> **ASSIGNMENT**
Retype all of the lines below with no changes.

> **DATA SHOWN**

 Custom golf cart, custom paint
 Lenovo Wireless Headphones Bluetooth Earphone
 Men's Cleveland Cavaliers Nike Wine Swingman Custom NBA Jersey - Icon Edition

> **ANSWER FOR THIS EXERCISE**
 Custom golf cart, custom paint
 Lenovo Wireless Headphones Bluetooth Earphone
 Men's Cleveland Cavaliers Nike Wine Swingman Custom NBA Jersey - Icon Edition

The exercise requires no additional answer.